Hiya all,
This might seem like a stupid question to you lot.....but ive never dealt with it before....so my question is:
What is Push Email?
I've heard a few people talk about it and stuff but never really taken much notice, but im thinking it may be something that i can use, and that will be helpful to me, so any information would be great if you can please people :icon14:
Thanks :tongue:
I cant say for sure, but from what I gather rather than your phone checking for email, the email is sent to it.
This is popular because the phone doesnt have to keep using data to check for the email, just the data to recieve it when its 'pushed' to it, rather than 'pulling' it.

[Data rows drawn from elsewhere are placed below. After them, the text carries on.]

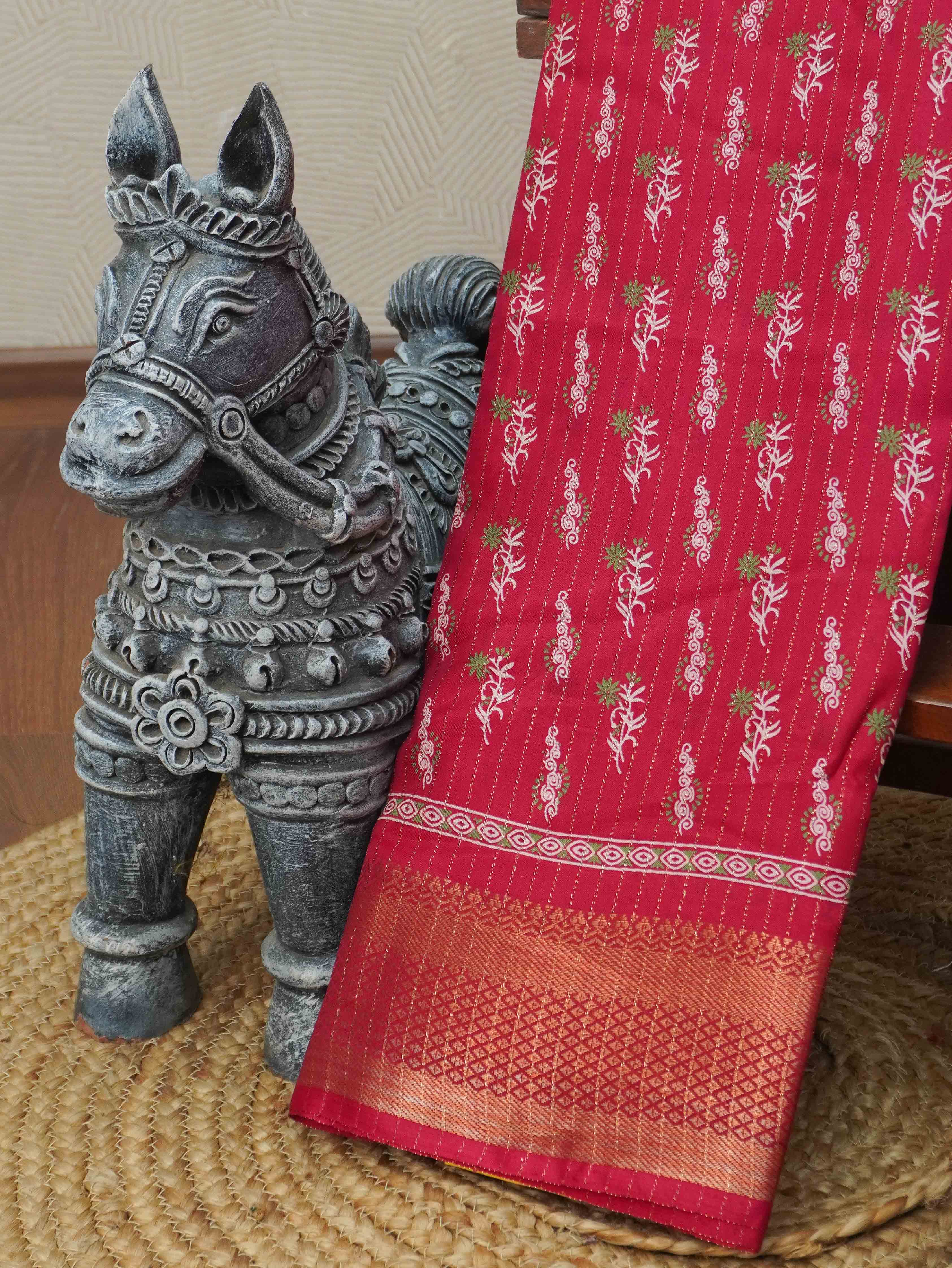 Printed Dola Saree | TTDS3401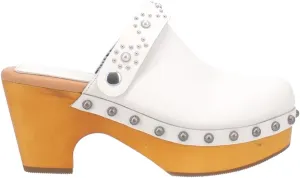 Dan Post Women's Deadwood Studded Platform Clogs Heeled Sandal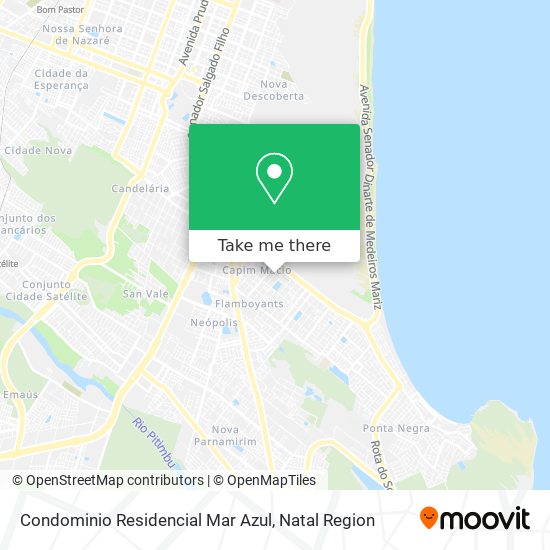 Condominio Residencial Mar Azul map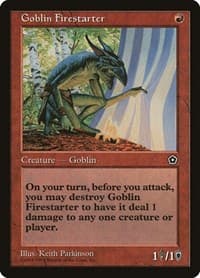 Goblin Firestarter - Portal Second Age - Magic: The Gathering card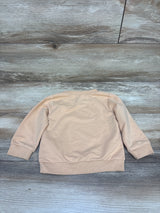 Little Dude Pullover Sweatshirt Orange sz 18-24m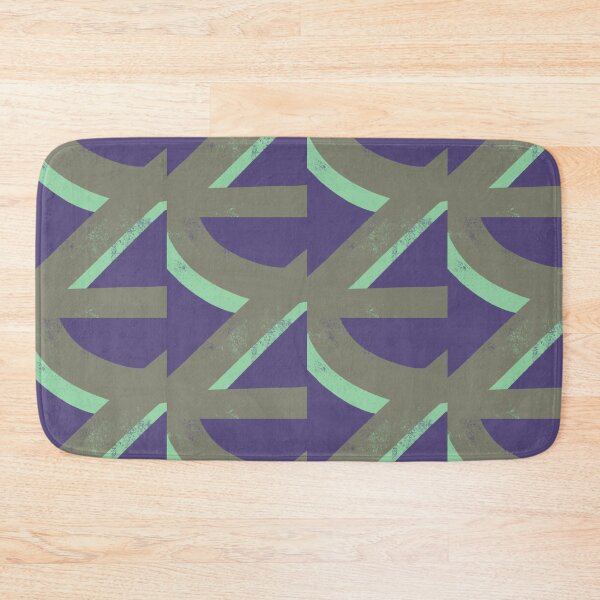 Item preview, Purple Olive Green - Graffiti inspired minimal painting designed and sold by JashJhaveri.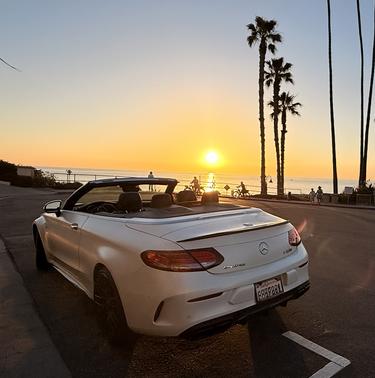 White 2018 Mercedes-Benz AMG C 63 S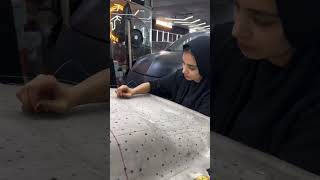 modify car roof with galaxy lights shortsvideo [upl. by Ellehcim]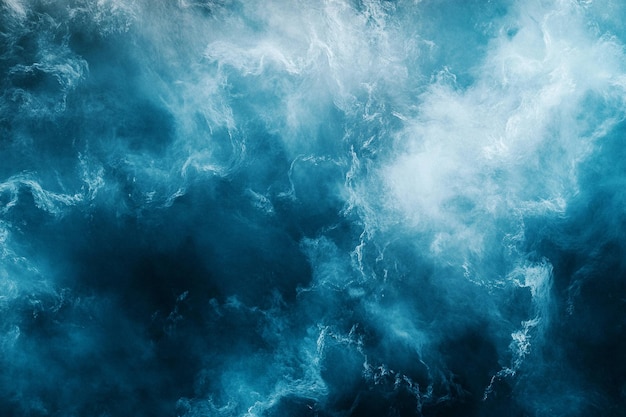 Abstract Blauer Wirbel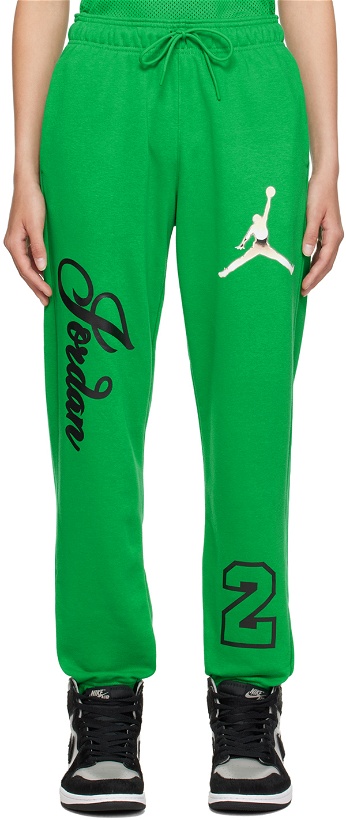 Photo: Nike Jordan Green Graphic Lounge Pants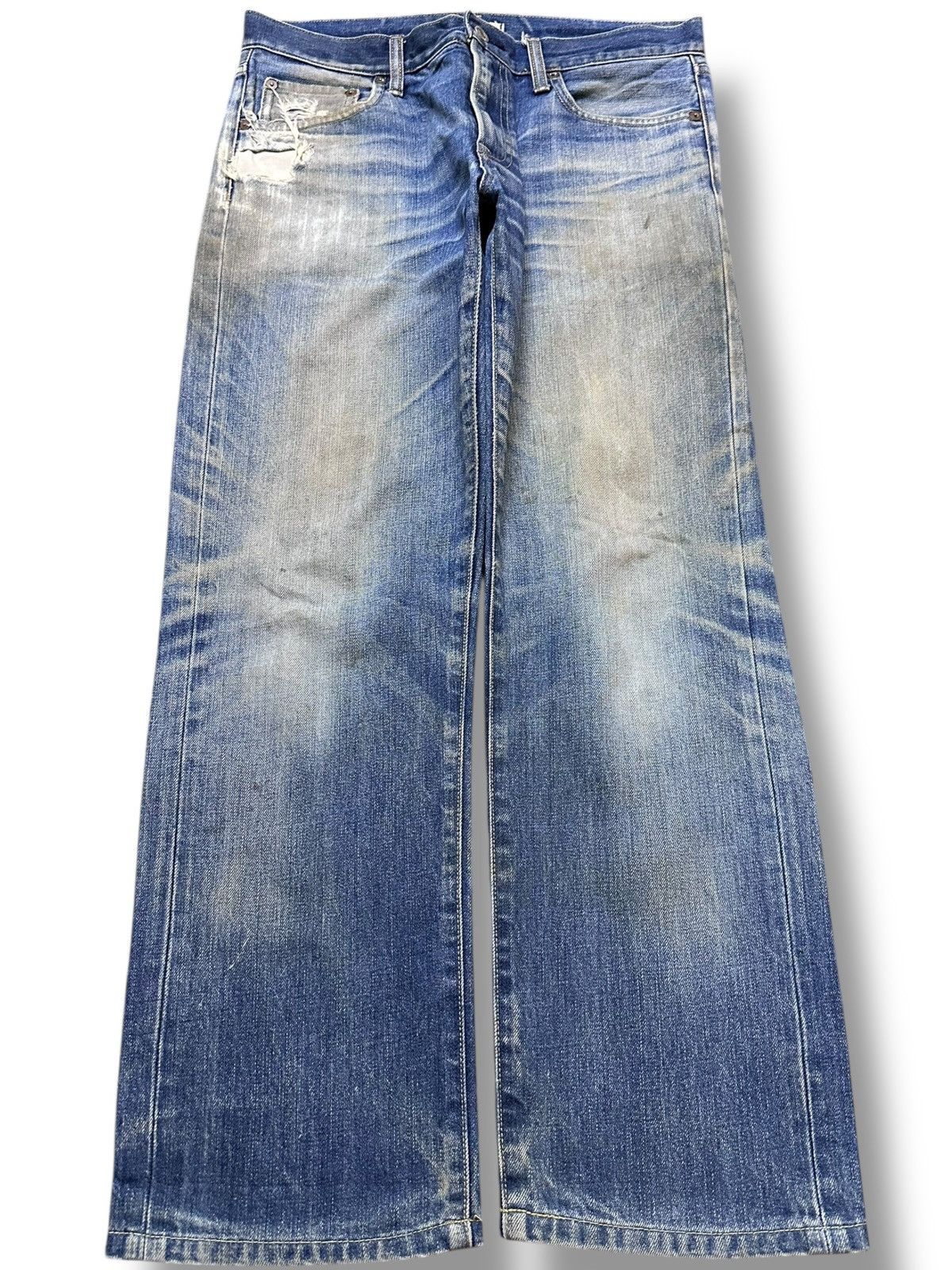 Marni × Uniqlo Vintage Uniqlo Mudwash Ripped Distressed Denim Size US 32 / EU 48 - 1 Thumbnail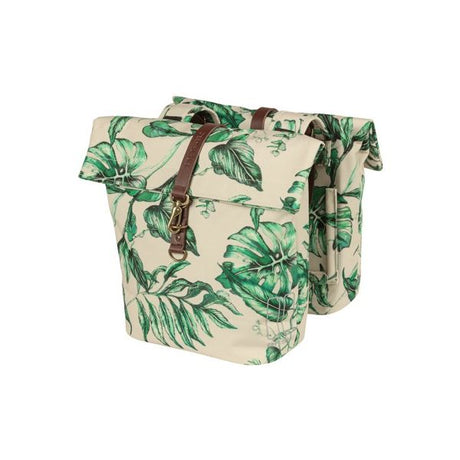 Sac double à vélo de basilic, animal de compagnie recyclé, repliement de retenue à l'eau, unisexe, vélo, beige de sable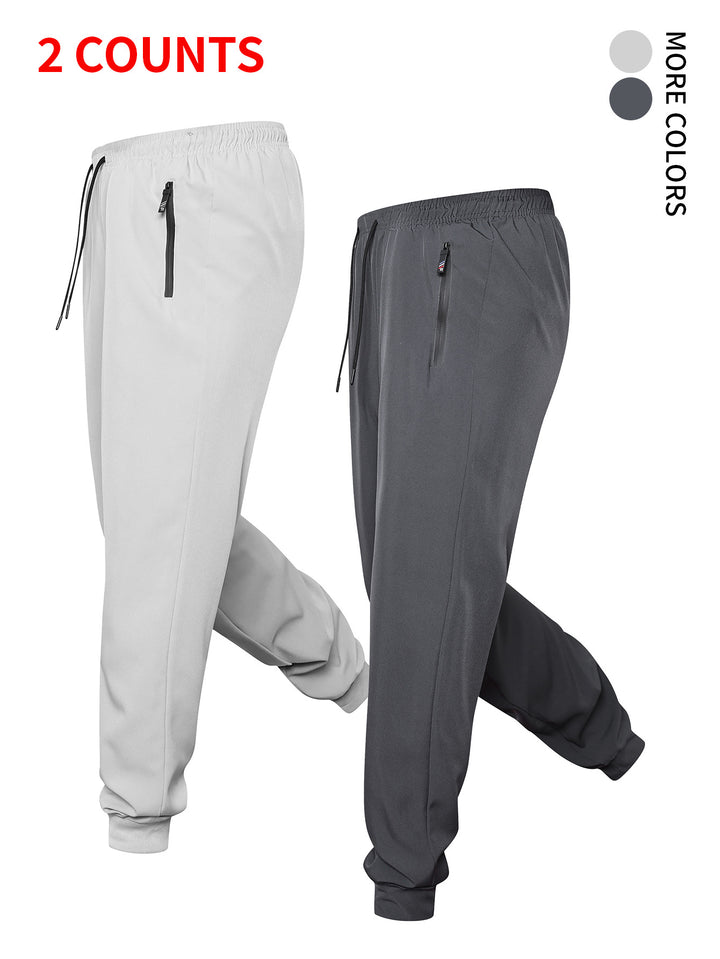 Men's sporty jogging pants with elastic waistband and practical pockets Mune Fashion 1788242867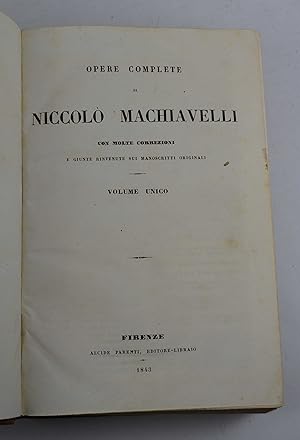 Opere complete& con molte correzioni e giunte rinvenute sui manoscritti originali.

Im sure someone will correct me if Im wrong.
Push email is a means by which an server server can notify a device that new email has arrived. For the user, setting up push email means that emails seem to download to your device on the fly. The N95 supports MS Direct Push email using Dataviz Roadsync (and hopefully some open source applications that do the same thing).
In the Microsoft world, push email is enabled because the device creates an SSL connection to the server and just leaves it open. When a change to the user's account happens (incoming email, new contact, calendar) the server "tickles" the device, tiggering a wireless sync. Any changes are downloaded automatically and reflected on the device. It's all very Blackberry-ish, without needing a Blackberry!
MikeW wrote:.... device creates an SSL connection to the server and just leaves it open. When a change to the user's account happens (incoming email, new contact, calendar) the server "tickles" the device, tiggering a wireless sync. Any changes are downloaded automatically and reflected on the device.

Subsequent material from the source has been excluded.